Death Cleaning – Why we should do it before we die

Death Cleaning – Why we should do it before we die

Take responsibility for your items today. Don’t leave them as a burden for family and friends. And enjoy the process of putting your things in order!

It’s nearly a year ago that Margareta Magnusson, the Swedish lady aged “between 80 and 100”, published her book ‘The Gentle Art of Swedish Death Cleaning:

How to make your loved ones’ lives easier and your own life more pleasant’.

I am interested in any book that has to do with tidying up. However, I remember that I was a bit hesitant to buy this one when I saw it in the book shop. ‘Death Cleaning‘?! The title sounds really weird, doesn’t it? But I bought it, – and very much enjoyed reading it.

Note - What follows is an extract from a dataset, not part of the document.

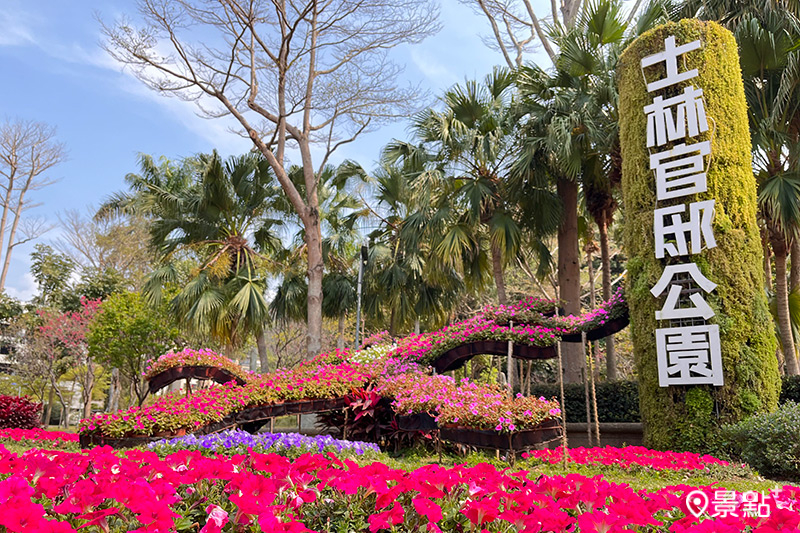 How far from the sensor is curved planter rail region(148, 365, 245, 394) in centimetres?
1007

And I learned a lot about decluttering again, this time from a new and refreshing perspective.

This book is not about someone who’s all her life struggled to keep the house organised, and now presents the perfect and the only solution.

Instead, it’s the story of someone approaching the end of life, sharing what she learned by clearing up after family members’ deaths, and why it’s useful to get our things in order before we die. “I’ve death cleaned so many times for others, I’ll be damned if someone has to death clean for me,” Margareta Magnusson writes.

‘Death cleaning’ is not only useful for older people.

Clearing out unnecessary belongings can be undertaken at any age or life stage but should be done sooner than later, before others have to do it for us. “It is not sad at all,” Margareta says. “I’ve discovered that it is rewarding to spend time with these objects one last time and then dispose of them.”

Some weeks after I’d read the book, my mother passed away, unexpectedly. Clearing out her home was a very sad and upsetting process for my sisters and me. Only many months later, I was able to think about that process in a less emotional way.

I realised that my mother in most regards had followed Margareta’s recommendations – without knowing her book!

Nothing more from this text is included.